Duty of the Duskwalkers
In the first age, Kiiri herself walked to meet every soul as it slipped from the mortal world. But as the years passed, the dead outnumbered the living, and the Eternal Forest could not be left unguarded. Worse still, the path between realms grew crowded, and some souls strayed into the dark — lost between breath and silence, never reaching the embrace that awaited them. Kiiri grieved these vanishings, and Leje grieved with her.
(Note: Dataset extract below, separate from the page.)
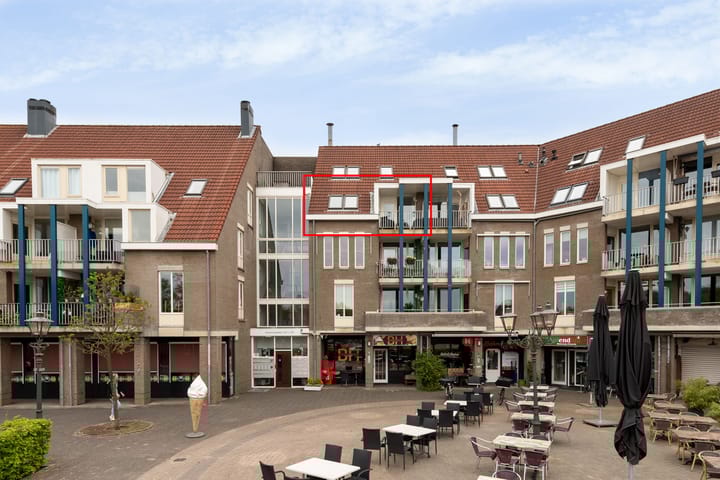 Foto 4 van Harmonieplein 97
So the Gods of Life shaped a gift: from the memory of Kiiri’s form, they guided life to bloom in her likeness. Thus came the Duskwalkers — flowing-maned, elegant-tailed, their eyes soft as twilight — charged as servants of the Ferrier. They walk the dusk of mortality, neither fully living nor dead, carrying the weight of a duty too great for one goddess alone. Now it is said that when a mortal’s time is spent, a Duskwalker appears at the edge of their sight — a shadow with patient eyes and a step as gentle as dimming daylight. To follow it is to find the Eternal Forest, and to enter Kiiri’s embrace without fear, guided home to the Ferrier of All Who Were.